You made the choice to structure the paper using applications which leads to a lot of redundancy as some methods are the same across the applications e.g., the DEM and analogue model share the same automatic topographic analysis while the numerical and analogue models share the same approach to use strain and characterize fault evolution over time and space.

I suggest that instead of structuring the section 3 by application you could structure it by approach or functionality and present how a functionality is used for each application.

At the beginning of section 3 you could present the applications, and then describe your functionalities, how they work, what they do, when to use them etc. with some nice illustrations.
There is a problem with the references across the paper. I don’t know how this occurred but there are a lot of citations in the text that are not in the reference list. You should double check that before re-submitting the article.
Finally, because the paper is very oriented about the Python package, it is referred several times and its content is described, I had a closer look to it. I have some suggestions that I think could benefit its spread and use but I do not think that the authors need to address them for the paper to be published.

Line by line comments:
L107: “Each component of the network consists of nodes (points defined by location x- and y-coordinates) and edges (connections between nodes)”

This sentence seems appropriate to introduce here that this (nodes + edges) is called a graph, particularly because it is the title of the subsection and that you use the term graph at line 112.
L137: I am sorry, but I do not understand what “edit the network” means in this context.
L185-187: What is actually detected by the Canny algorithm? In the jupyter notebook we can see that the method is conveniently implemented in the scikit library but the actual quantity and approach utilized to detect “edges” and what it means in the physical world is not clear to me. It is a very important step of the method presented here, and even if it is not implemented by the authors, it would be nice to have an overview of the approach.
L188-189: “non-fault-related components exhibit distinct geometric signatures; they are subsequently filtered out in using dedicated functions based on curvature and length”

Interesting! However, there are no real details in the manuscript on how this important step is taken. Looking into the jupyter notebook tutorial we can see that the scikit method called “remove_small_objects” is used, with a parameter “min_size=30” pixels. This value sounds arbitrary. Is there a generic way to choose it? If the surface of the covered ground or the resolution of the DEM was different, would that value change?
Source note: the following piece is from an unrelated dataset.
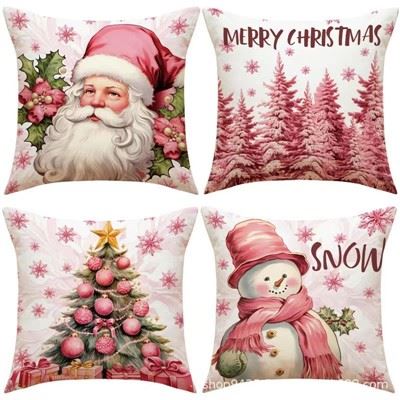 Stickerei-Weihnachts-Samt-Kissenbezug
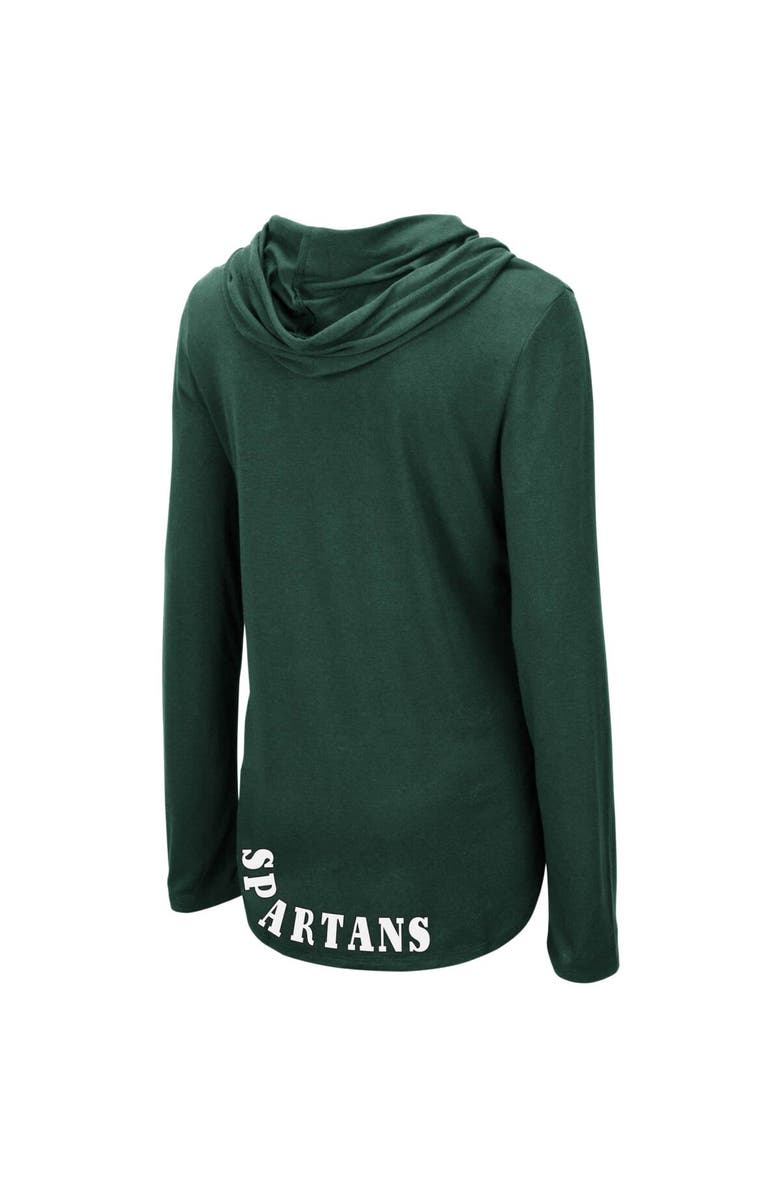 COLOSSEUM Women's Colosseum Green Michigan State Spartans My Lover Lightweight Hooded Long Sleeve T-Shirt, Alternate, color, Green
L215: “a virtual cross section is drawn perpendicular to the fault axis until reaching a predefined maximum distance”

How is that predefined maximum distance chosen? In the notebook it is set to d=12 (no units indicated so I assume it is also in pixels?), same question than in the previous comment: will that value change if the surface and/or resolution of the DEM changes? How can you be confident enough that using a constant value for all faults may not lead to crossing another fault depending on where you are performing the analysis?
L271: “In the following, we use a relative threshold optimized to highlight fault structures.”
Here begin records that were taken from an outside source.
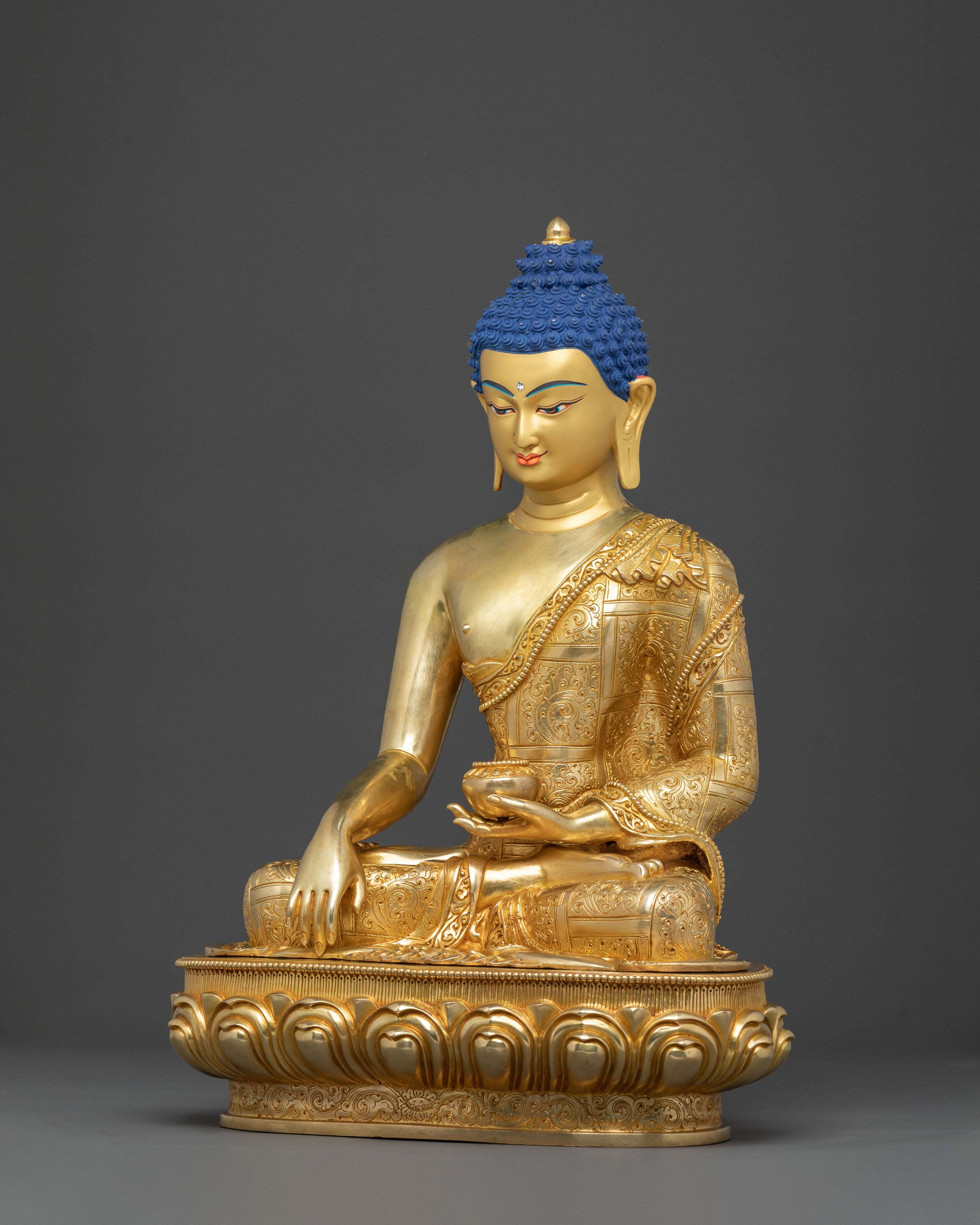 Shakyamuni Spiritual Statue: 24K Gold Gilded Icon
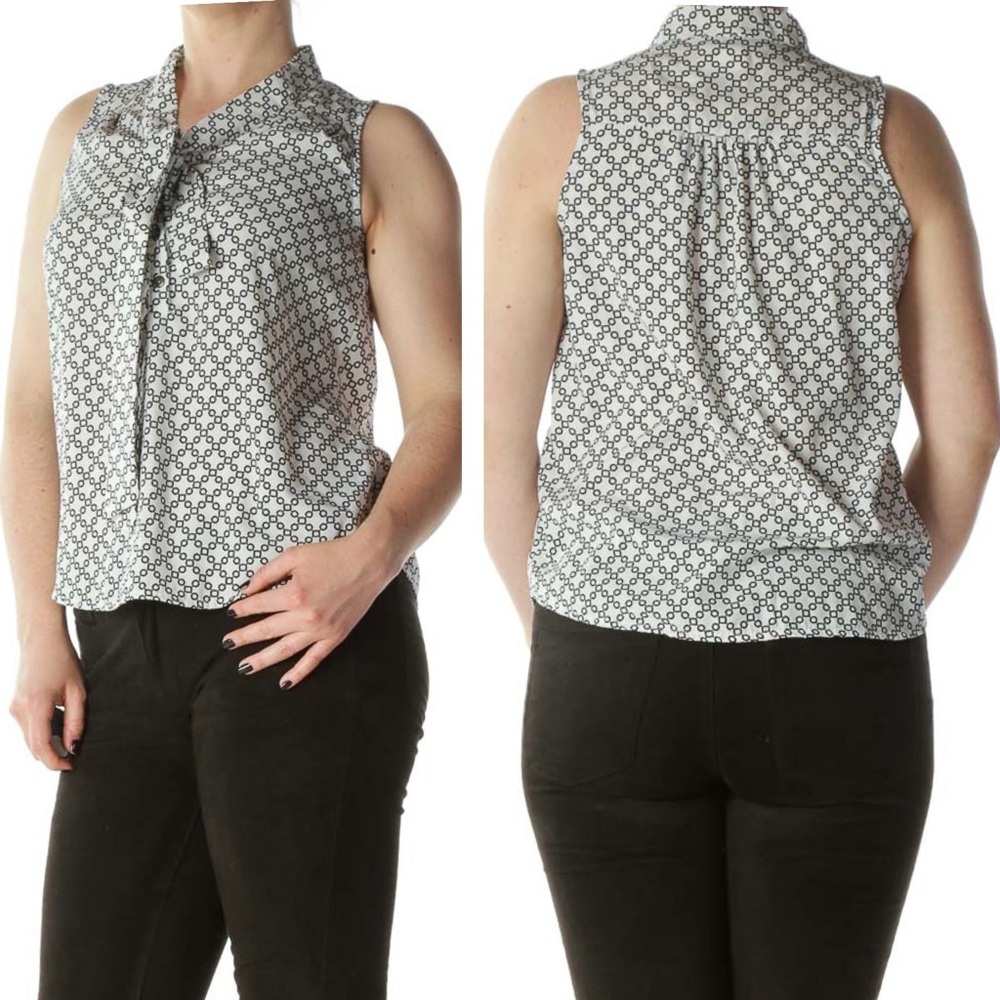 41 Hawthorn | Black and White Chain Patterned Sleeveless Top Blouse‎ - Small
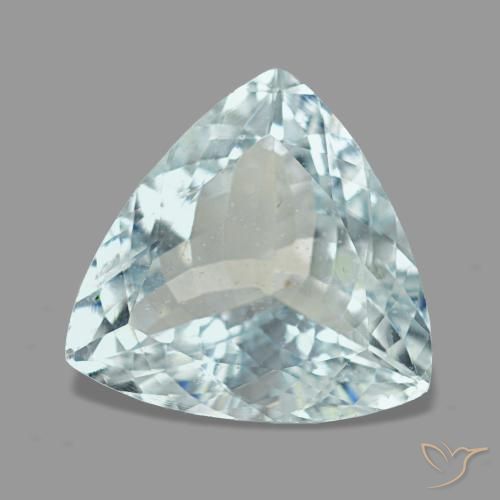 3.21 ct Blue Aquamarine Stone, Natural Aquamarine in Trillion Facet Shape for Sale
Could you please provide a bit more details of how the optimized relative threshold is chosen?
L277: “In some cases, interpolation to a regular grid is necessary, particularly when the model dataset has variable resolution”

Why is that step necessary? If the object used in the first place is an image, the pixel grid is already regular even if the model’s mesh is not, isn’t it? Can you please provide an example for which that step is required and illustrate why?
L280: “Our library provides functions to address these issues”
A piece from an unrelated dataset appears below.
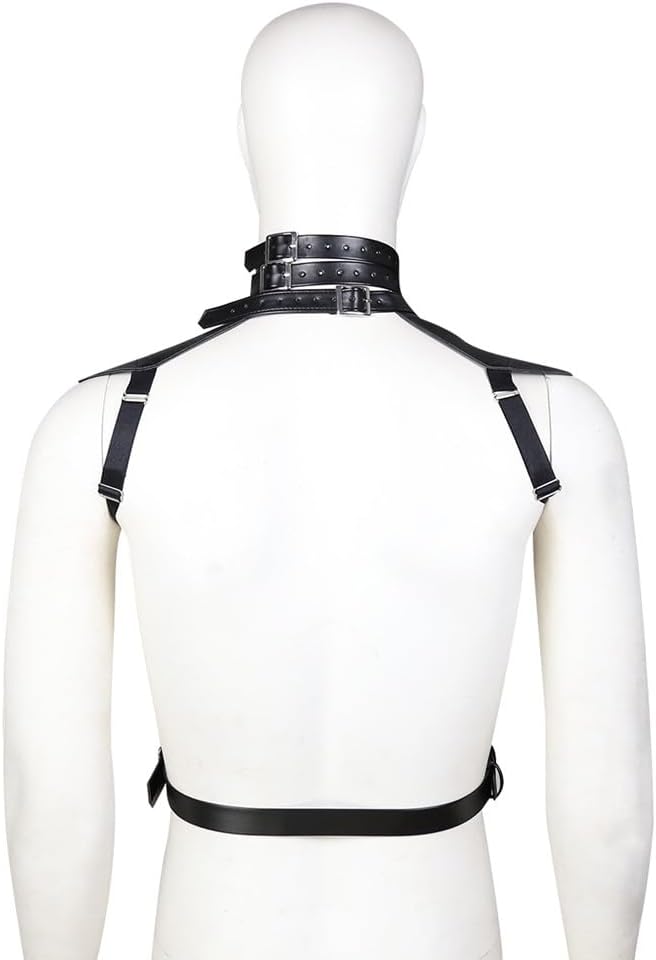 Men's Chest Harness Adjustable Gothic Punk Bondage Belt with Rivets BDSM SM Gear (Gay and Male) Club Wear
This is interesting, but unfortunately, we miss details here. What are these functions? Could you be more specific about which function addresses which issue and how? It would help the readers to know what functions they should use depending on their case.
L282-284: “To optimize the network, a filtering function removes selected internal nodes (based on user-defined parameters), reducing density while preserving realistic geometric orientations.”

Could you please elaborate on that function? What does it actually do?
L290-291: “the program compares each fault at time 1 with each fault at time 2 and vice versa”

If I understand correctly, you mean that you compare two consecutive timesteps, right? If this is the case, I suggest to use “time n” and “time n+1” instead of “1” and “2” to better emphasize that it is between two consecutive steps, whatever their numbering.
L292-293: “we calculate the minimum distance between each node of a fault and each node of the neighbours and then average these distances”

I do not understand what is the “distance of each node of the neighbours”. Neighbour is not defined and thus ambiguous. Could you please be more precise about the distance between what and what is computed?
L299-300: “The article (Neuharth et al., 2022) provide a detailed study of fault system evolution in the 2D numerical models discussed earlier”

I think that it is a bit unfortunate that the illustration of the method presented in this paper is actually not in this paper but in another. You could maybe showcase some of the possibilities of the method presented here in a figure to provide the readers with examples of what they could expect from your software especially what you describe lines 302-303
L339-350: Section 3.3.2 roughly contains the same information than section 3.1.2. I suggest that you could remove this section. L355: “strain threshold to distinguish active faults”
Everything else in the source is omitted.